(Data to use begins)
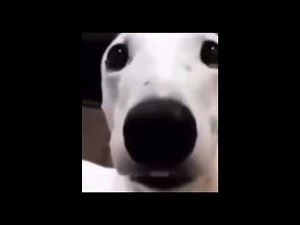 scared dog shattering his teeth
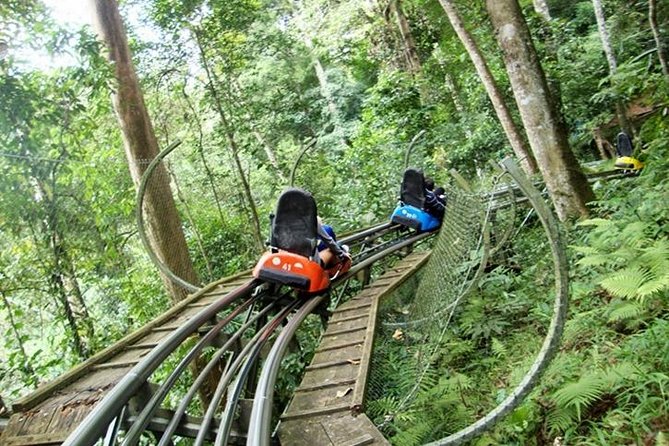 Private Tour Nha Trang – Dalat Excursion (Starting at Nha Trang)
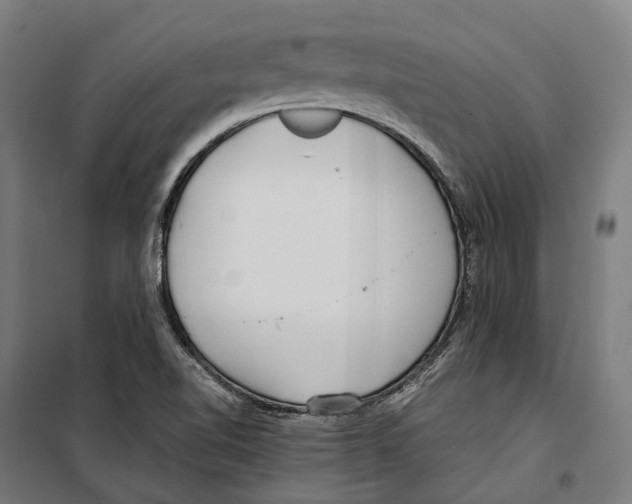 X0000099941510200806201108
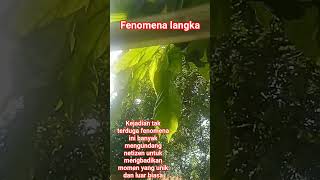 Download lagu fenomena alam mp3 Download lagu fenomena alam mp3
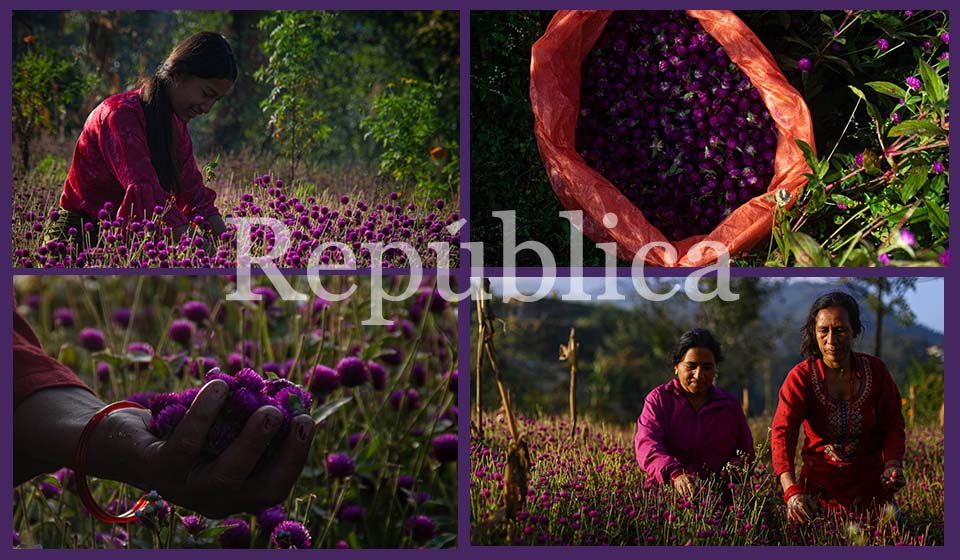 In Pictures: Farmers busy picking makhamali flowers for Tihar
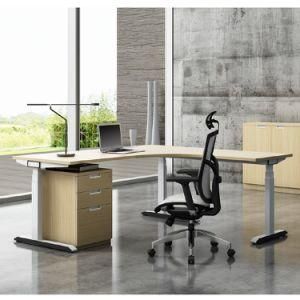 Custom Electric Height Adjustable Frame Sit Stand Office Standing Desk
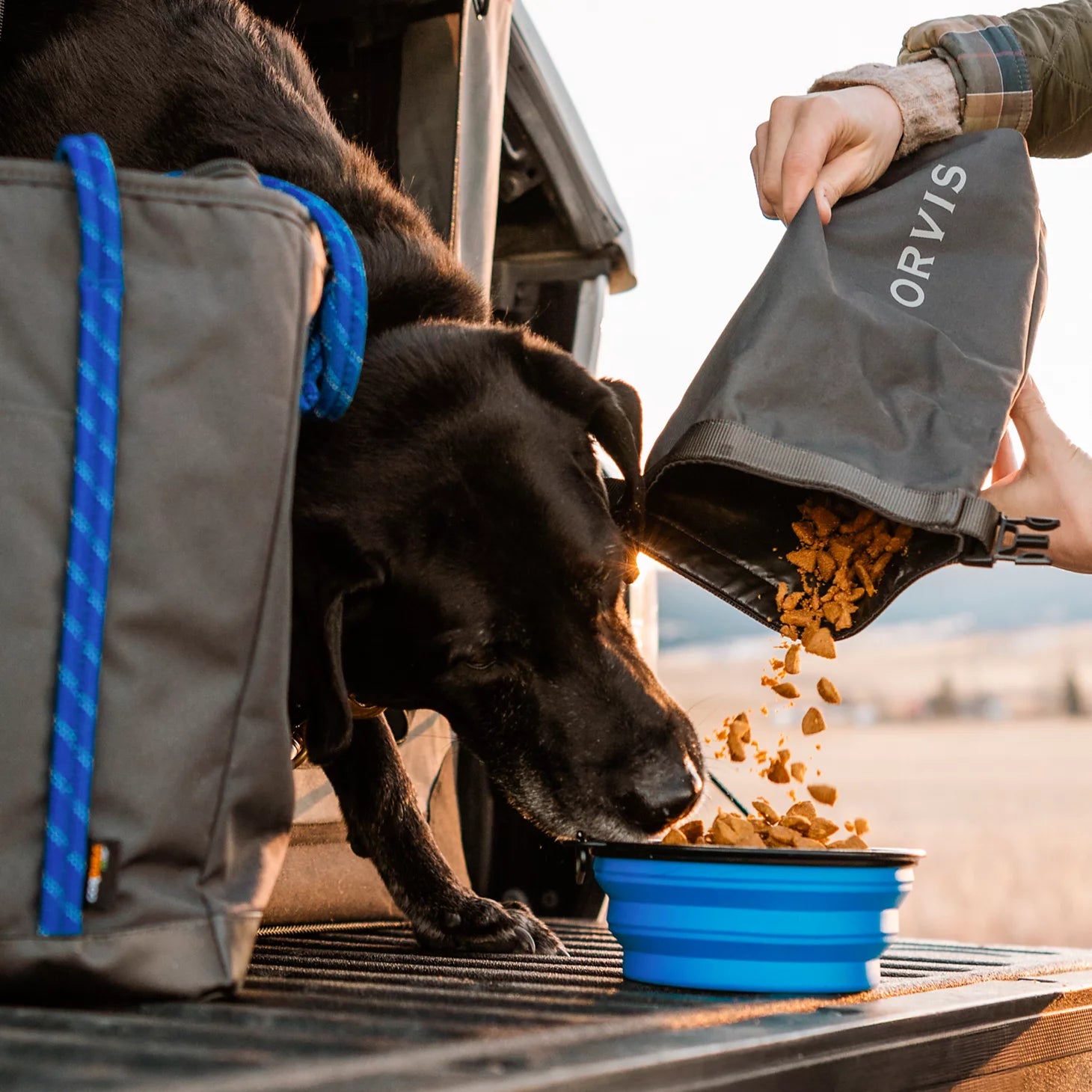Tough Trail® Dog Travel Tote Kit / Orvis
(Data to use ends)
Restate word for word the lines from the line with "Custom Electric Height" to the last line of the records above, inclusive, and omit every picture.

 Custom Electric Height Adjustable Frame Sit Stand Office Standing Desk
Tough Trail® Dog Travel Tote Kit / Orvis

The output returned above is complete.